La tenue d’élections n’est pas la seule à être cruciale pour le retour à l’ordre démocratique fondamental. Le futur gouvernement doit également restaurer la confiance en déclin dans l’État. La question centrale est désormais de savoir si le Conseil constitutionnel suprême, sollicité par l’opposition (comme mentionné ci-dessus), parviendra à un verdict indépendant. S’il devait annuler le décret annulant les élections de février, Sall ne pourrait plus conserver une apparence de loyauté envers la Constitution et devrait revenir sur sa décision, au risque de perdre la face. Cela plaiderait en faveur du fonctionnement des institutions constitutionnelles et serait donc un bon signe pour la démocratie. Cependant, lors d’un récent entretien, lorsqu’on lui a demandé s’il accepterait une telle décision, Sall a simplement répondu que pour l’instant, il ne pouvait pas donner de réponse.
Le dialogue national convoqué par Sall est largement perçu comme une farce. Cependant, certains signes montrent que Sall semble vouloir sérieusement « pacifier » la situation.

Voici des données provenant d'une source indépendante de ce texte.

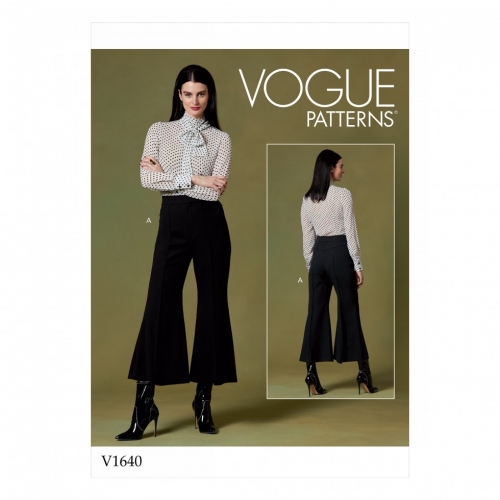 Vogue Paper Sewing Pattern 1640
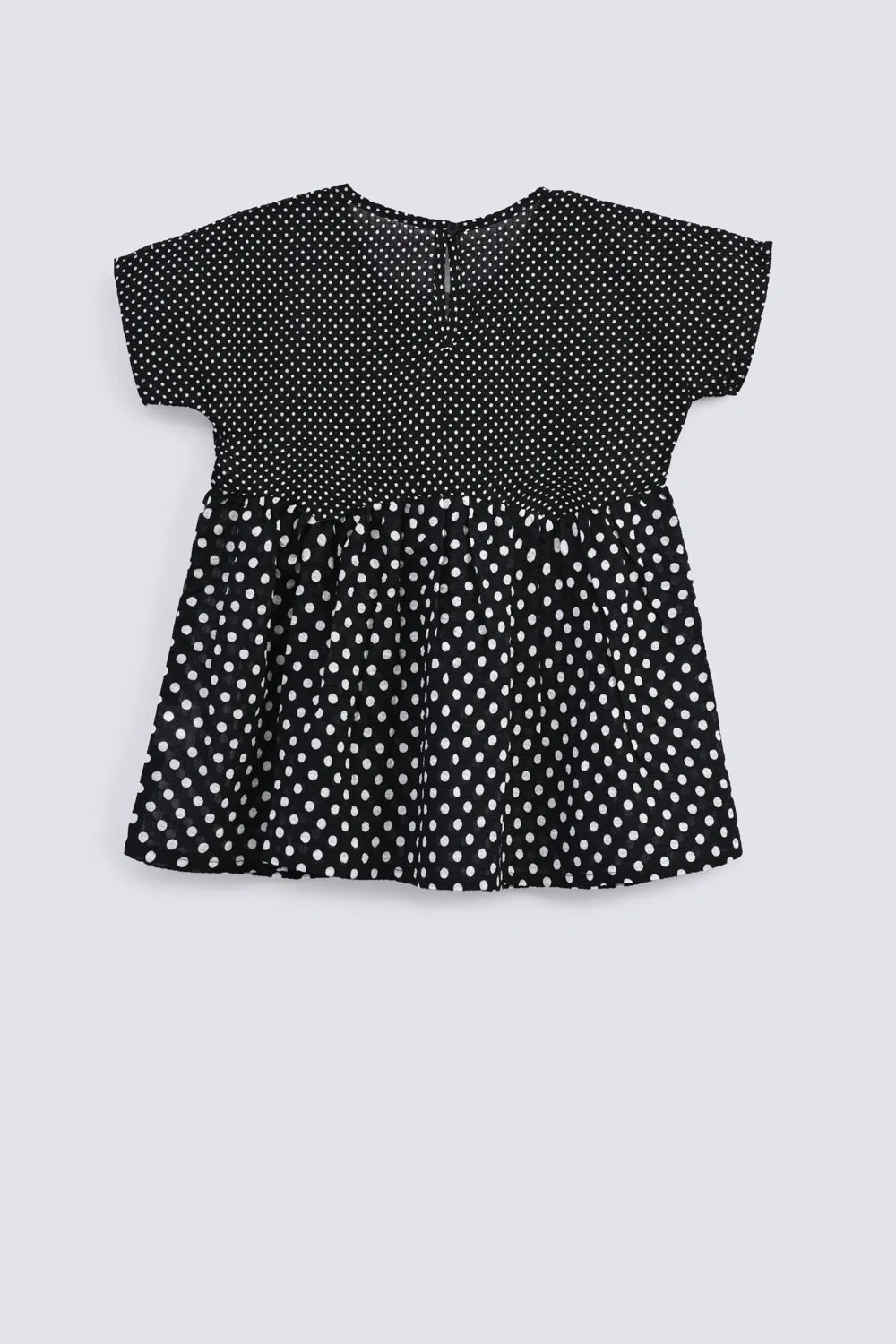 GIRLS POLKA DOT TOP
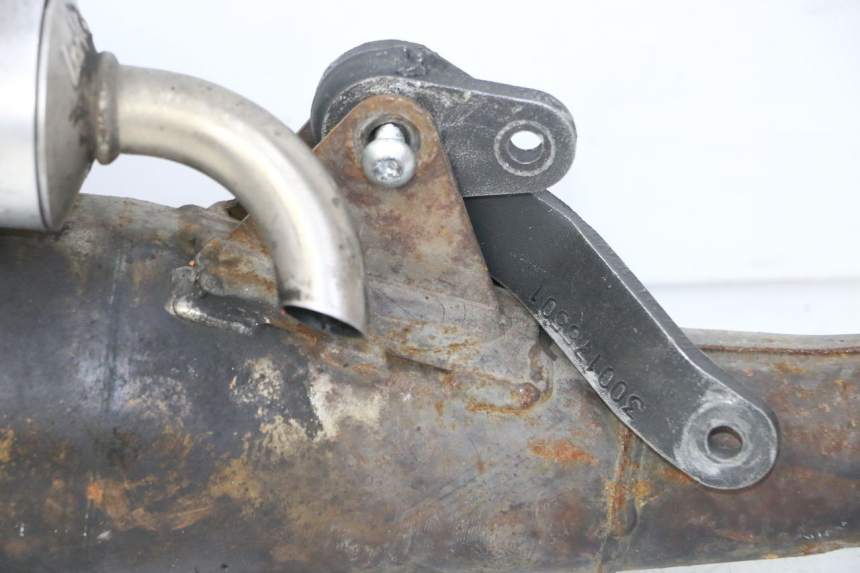 photo de UITLAATDEMPER KEEWAY F-ACT FACT 50 (2006 - 2011) - Alternatieve hoek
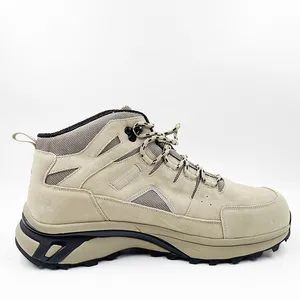 Anti Slip Industrial Safety Shoes Men's Work Steel Toe Safety Work Boots - Quanzhou Ruby Raven Co., Ltd. - China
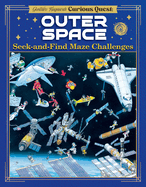 Gentaro Kagawa's Curious Quest: Outer Space: Seek-And-Find Maze Challenges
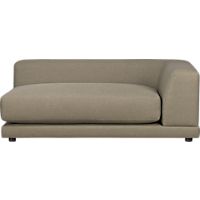 uno caper right arm sofa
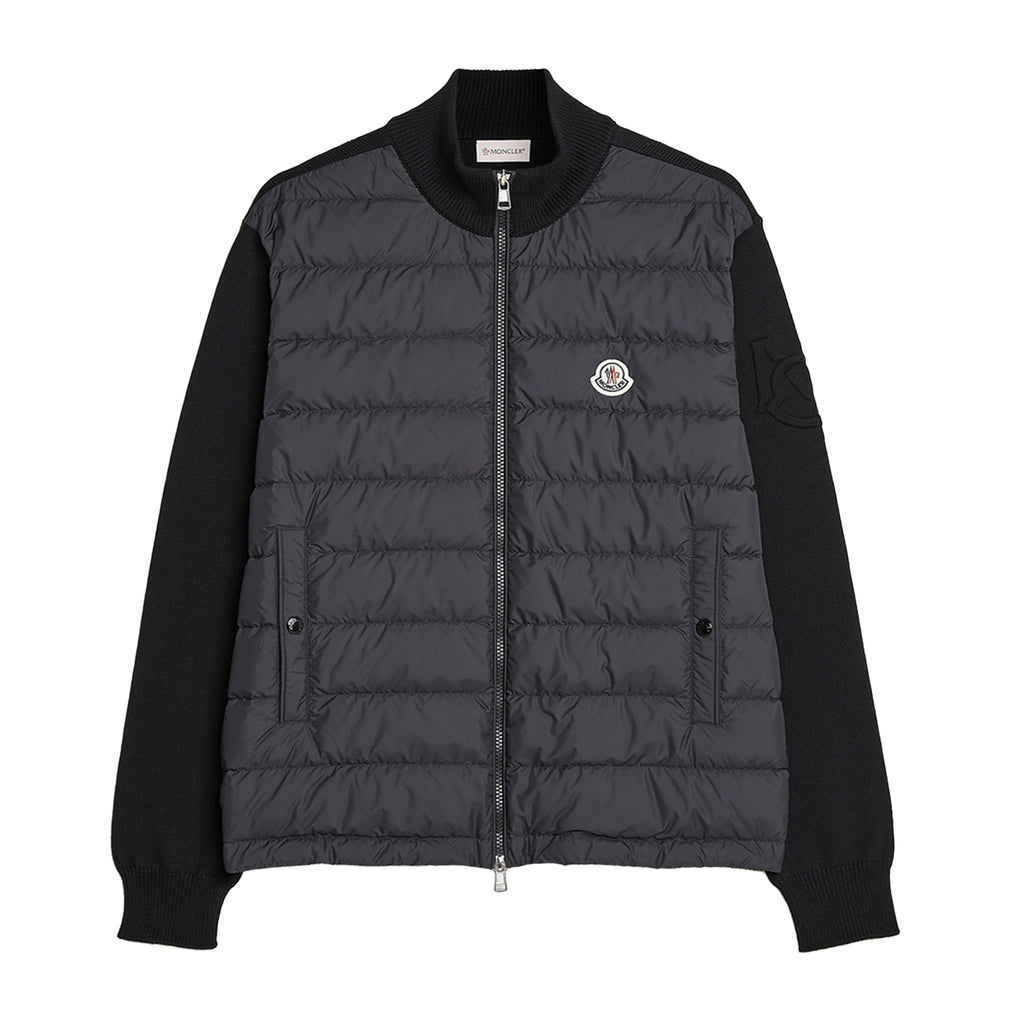 Moncler Down Cardigan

Les partenaires internationaux tels que les États-Unis, la Communauté économique des États de l’Afrique de l’Ouest (CEDEAO) et l’UE ont durci leur ton à l’égard du gouvernement sénégalais, et non sans raison. Si Sall devait ignorer la décision, la pression de l’opposition, de la société civile, des chefs religieux et de la communauté internationale augmenterait encore. Cependant, le fait que les membres du Conseil constitutionnel soient nommés par le président lui-même met en évidence un problème structurel. Une décision tentant de légitimer le report des élections est donc également possible. Il n’y a cependant pas de date limite pour que le Conseil constitutionnel prenne position.
Le dialogue national convoqué par Sall est largement perçu comme une farce. Cependant, certains signes montrent que Sall semble vouloir sérieusement « pacifier » la situation. L’amnistie générale imminente récemment annoncée signifierait la libération de Sonko et de ses associés emprisonnés. La société civile et l’opposition en ont fait une condition essentielle de leur participation au dialogue national. Le fait que le gouvernement envisage une telle démarche montre la pression qu’il doit subir.
Le mandat de Soll devait prendre fin le 2 avril. La constitution sénégalaise stipule que le président du Parlement assume la fonction de président si un nouveau président n’est pas élu à la fin du mandat. Ainsi, la démission de Sall à cette date pourrait envoyer un autre petit signe de compréhension.
Quoi qu’il en soit, les coûts politiques, sociaux et économiques du report sont déjà énormes. D’autres changements de cap sont donc nécessaires, à savoir la tenue d’élections libres, équitables et inclusives dès que possible, ainsi que le rétablissement des droits fondamentaux, afin de mettre un terme au jeu avec le feu de Macky Sall.